Eks pentolan HTI ini menilai, belakangan ini seolah pemerintah menganggap radikalisme merupakan ancaman terbesar bagi Indonesia. Sehingga, kata Felix Siauw, untuk de-radikalisasi saja, dilibatkan 3 sampai 4 Kementerian termasuk di dalamnya Kementerian Agama. Felix menduga, de-radikalisasi hanya modus pemerintah terhadap Islam.
“Sejak awal 2017, di Masjid Gede Kauman Jogja, saya sudah sampaikan, saya curiga program De-Radikalisasi dari penguasa sebenarnya adalah De-Islamisasi.” ucap Felix Siauw dikutip dari akun Instagramnya, Ahad (6/9).
“Kenapa?

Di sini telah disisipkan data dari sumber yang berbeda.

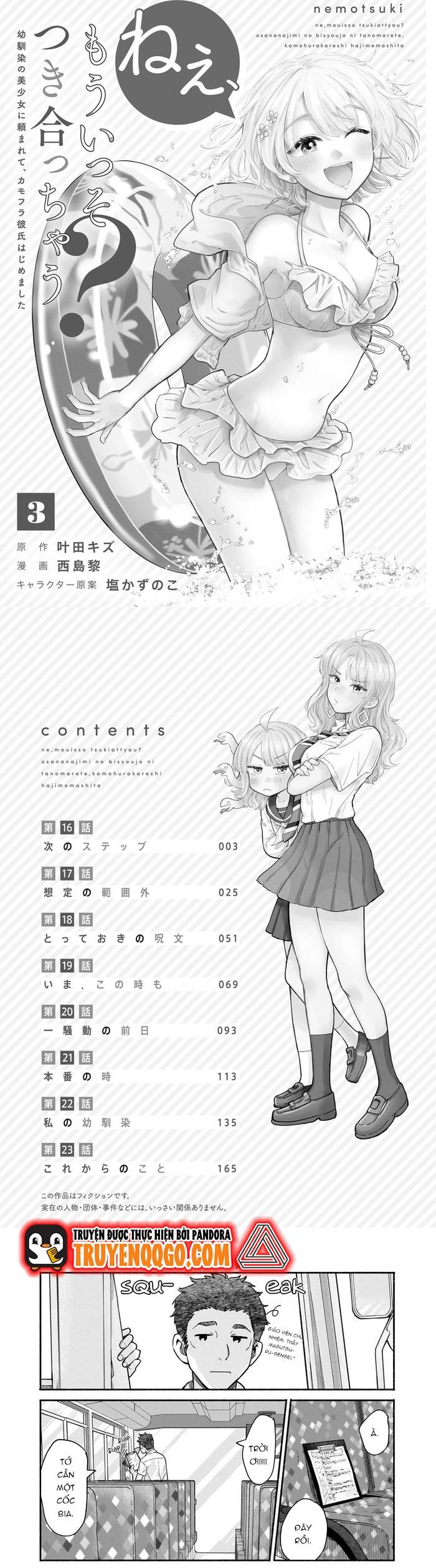 Chapter Image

Sebab semua program De-Radikalisasi ini hanya tertuju kaum Muslim, terutama yang disebut “Barisan 212″, atau Muslim yang selama ini punya pandangan berbeda dengan mereka,” imbuh Felix Siauw.
Dia melanjutkan, penguasa menjadikan radikalisme sebagai threat, ancaman, ketakutan, lalu menjual obat dari radikalisme itu, seolah jadi pahlawan, padahal sangat sarat kepentingan
“Misal, menuduh PTN radikal, membesar-besarkan di media, lalu mengganti rektor, menghapus program kaderisasi Masjid, dan diberikan pada siapapun pendukungnya, agar tak ada kritik,” ucap Felix Siauw.
Felix kemudian menyoal standar Kementerian Agama yang menilai radikalisme lahir dari anak-anak good locking.
“Dalam kasus “Radikalis Good-Looking”, Menag jelas menawarkan solusi, “Agar pengurus masjid itu dari pemerintah”, agar bisa kendalikan aktivitas Masjid. Persis kayak di Cina ya?” katanya.
Dia mengatakan, pada zaman firaun, nabi Musa dianggap orang yang radikal sebab bertentangan dengan rezim Firaun saat itu.
Felix mengatakan, ukuran radikalisme bukan saja di Islam, namum ada banyak seperti perbuatan asusila dan penyimpangan seksual yang mana butuh perhatian pemerintah.
“Jadi radikal ini sepertinya cuma cara untuk membungkam siapapun yang berseberangan dengan penguasa, agar semua diam terhadap kedzaliman,” paparnya.
“Nggak mau taat terserahlah, tapi jangan tuduh yang mau taat itu radikal. Nggak hafidz nggak dosa, gak good looking gapapa. Tapi curigain good-looking yang demen ke masjid. Itu jahad pak, ” sambung Felix.